◆ Material for this exercise
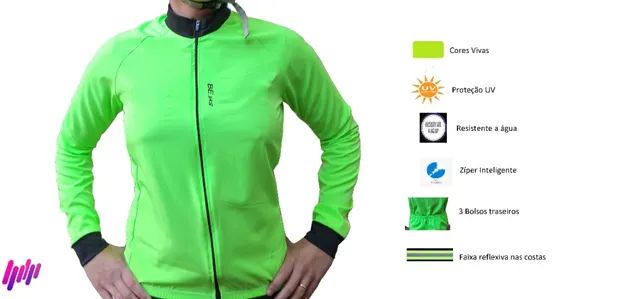 Jaqueta Ciclismo Corta Vento Impermeável Com Bolso Verde Fluor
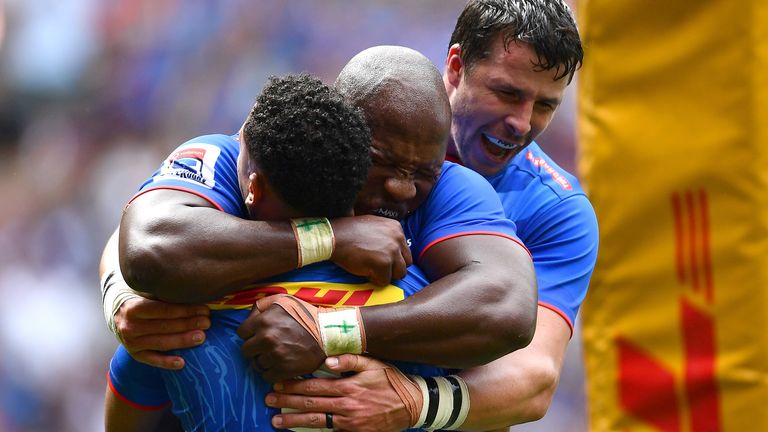 Herschel Jantjies of the Stormers celebrate after scoring a try during the Super Rugby match between DHL Stormers and Hurricanes at DHL Newlands Stadium on February 01, 2020 in Cape Town, South Africa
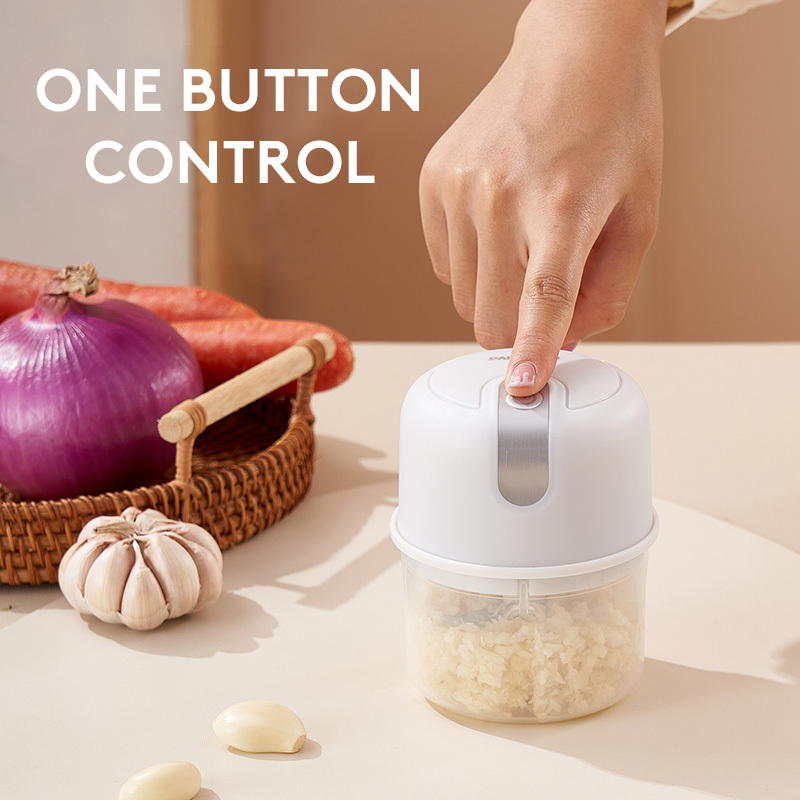 electric mini garlic chopper food processor portable cordless garlic mincer masher meat grinder with usb charging for vegetable   ginger baby   250ml white Product details 3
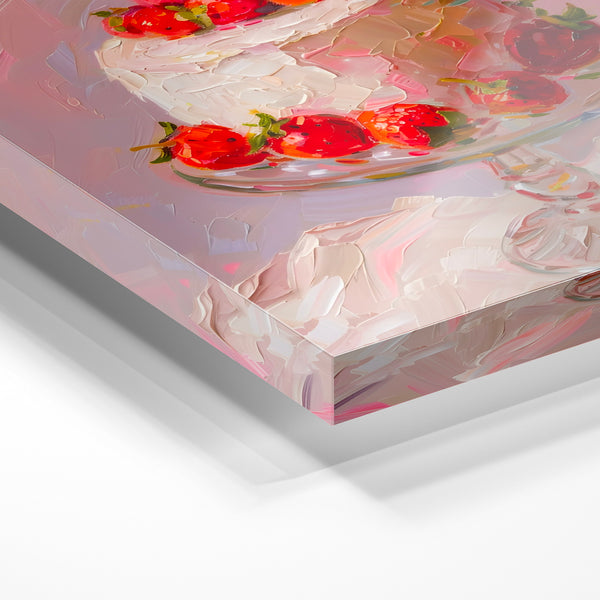 Gâteau aux fraises rose poudré et rouge vif — Verre acrylique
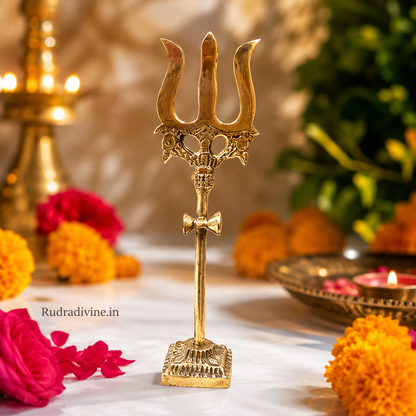 Brass Trishul with Damru handcrafted decorative figurine by Rudradivine, featuring traditional Lord Shiva symbolism for pooja room, temple and spiritual home décor.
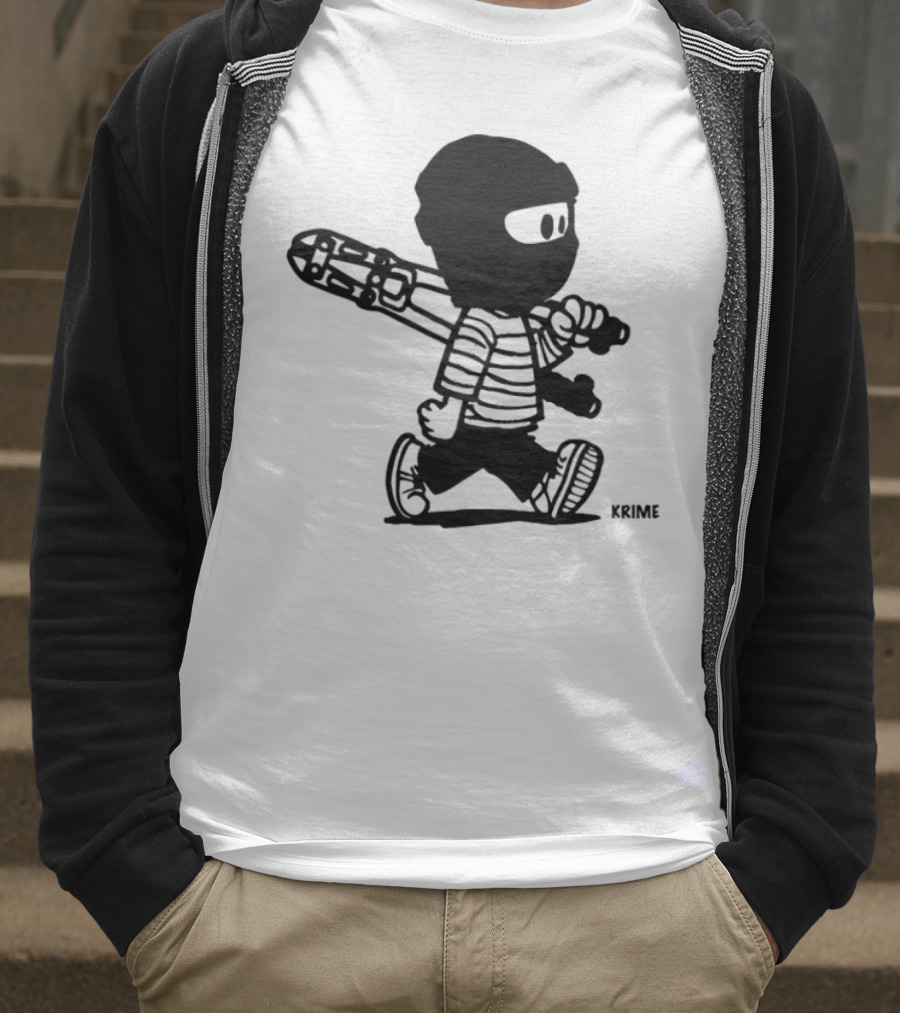 Krime_1 Calvin Streetwear Retro Car Graphic Style T-Shirt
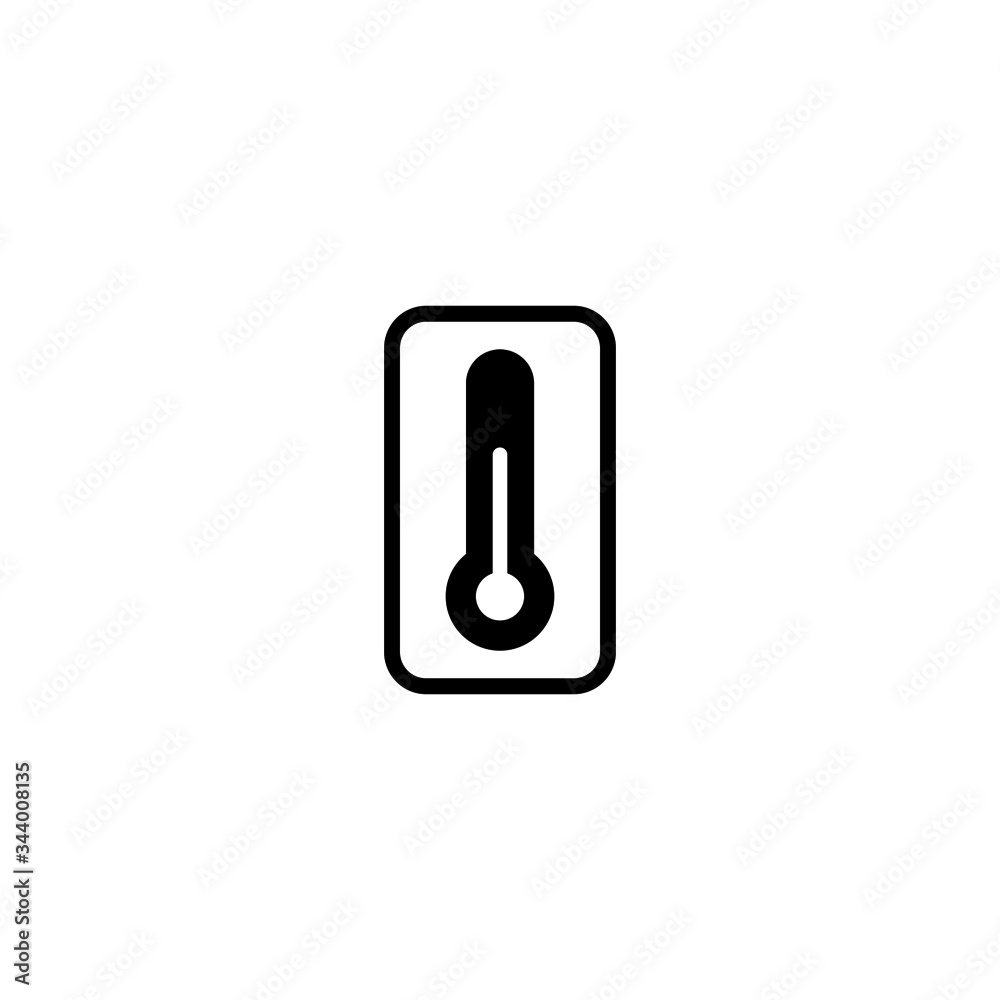 Mercury thermometer degrees vector icon in black flat shape design isolated on white background Mercury thermometer degrees vector icon in black flat shape design isolated on white background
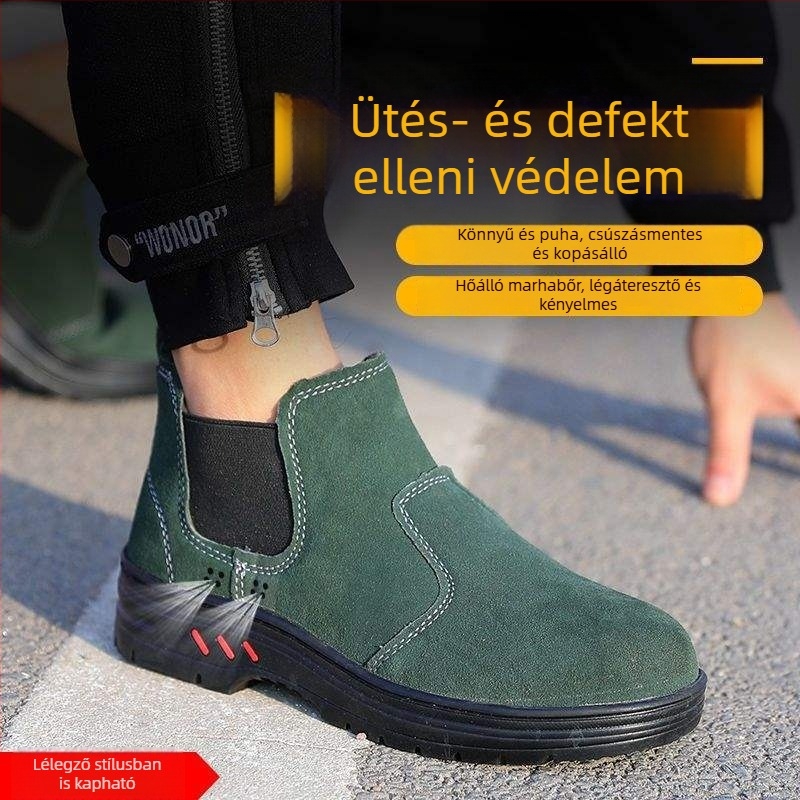 Férfi védőcipők hegesztőknek — nyáron légáteresztő, acélorrú, ütés- és átszúrásálló, csúszásmentes, kopásálló, könnyű, szagtalan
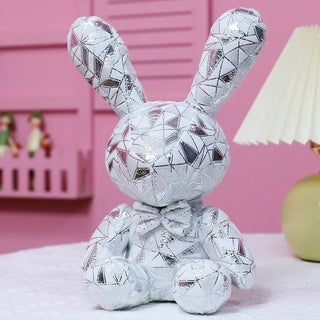 Abstract Geometrical Shiny Bunny & Teddy Plushie bunny-silver Plushie Depot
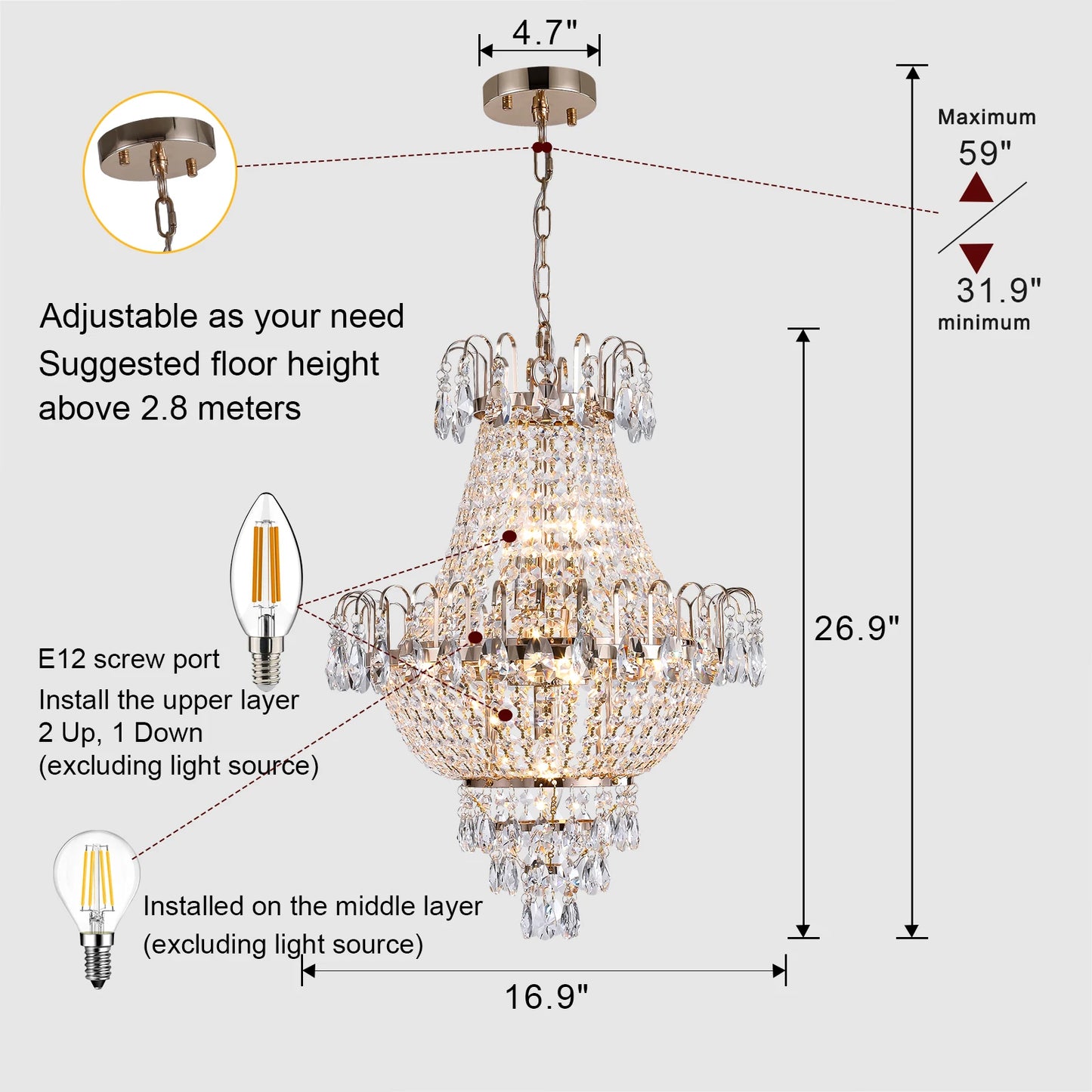 Luxury Gold Crystal Staircase Chandelier Ceiling Light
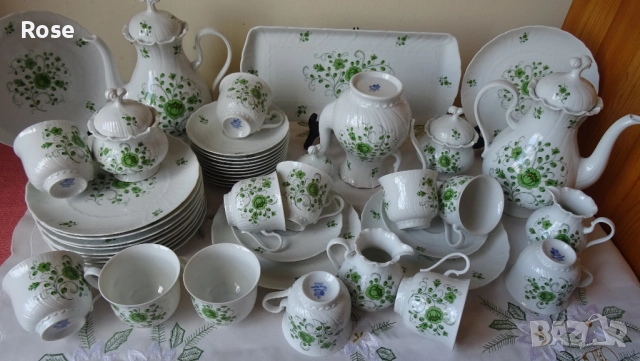 Royal Tettau Grüne Blume Porzellan – изключително бял, фин, костен порцелан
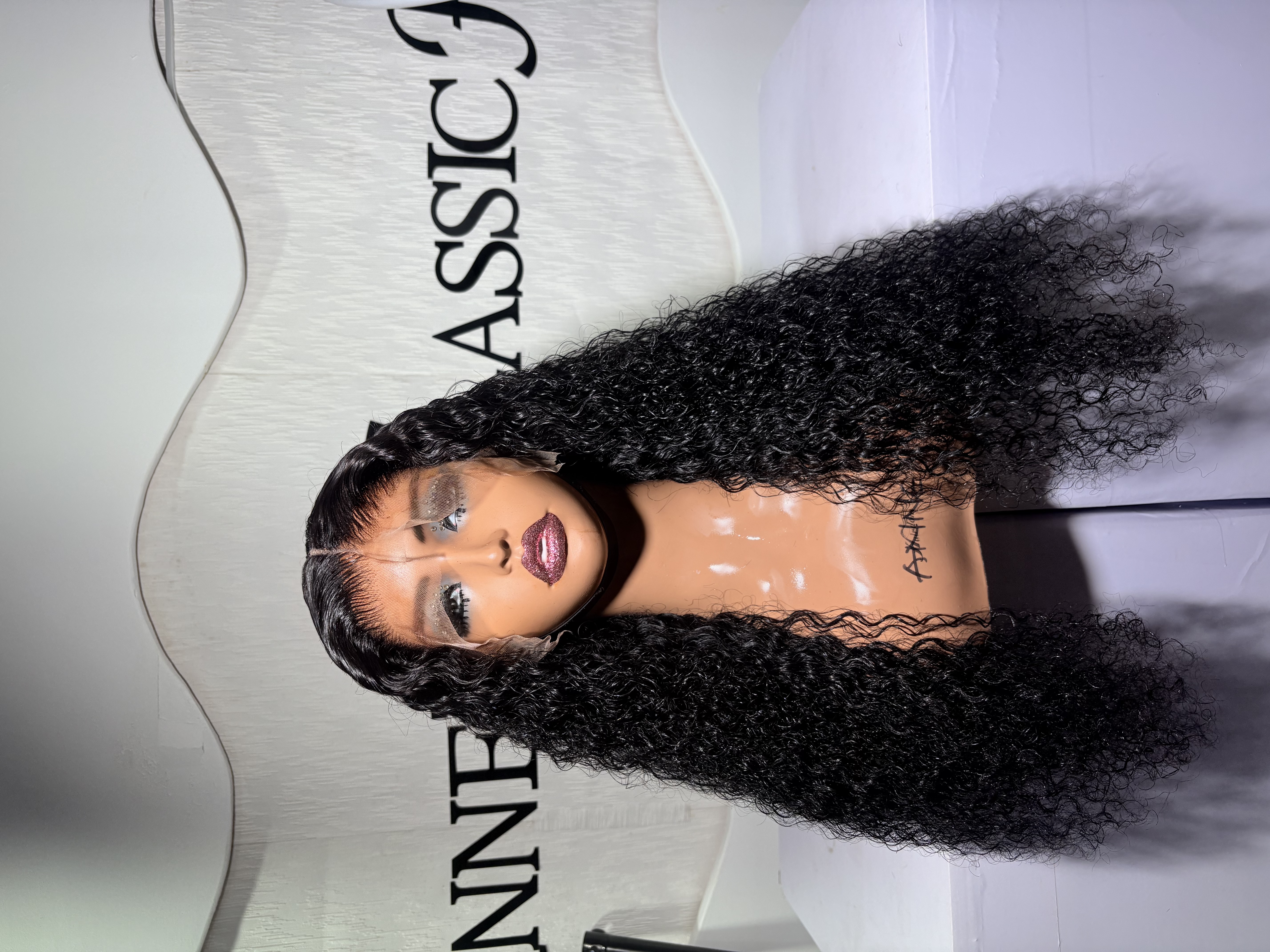 24” Eurasian wet curls Frontal wig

◆ What the task asks
Each line from the one that contains "Krime_1 Calvin Streetwear" down to the one that contains "white background Mercury" is to be returned exactly as it stands above, both ends included, with pictures removed.

◆ Result for this task
 Krime_1 Calvin Streetwear Retro Car Graphic Style T-Shirt
 Mercury thermometer degrees vector icon in black flat shape design isolated on white background Mercury thermometer degrees vector icon in black flat shape design isolated on white background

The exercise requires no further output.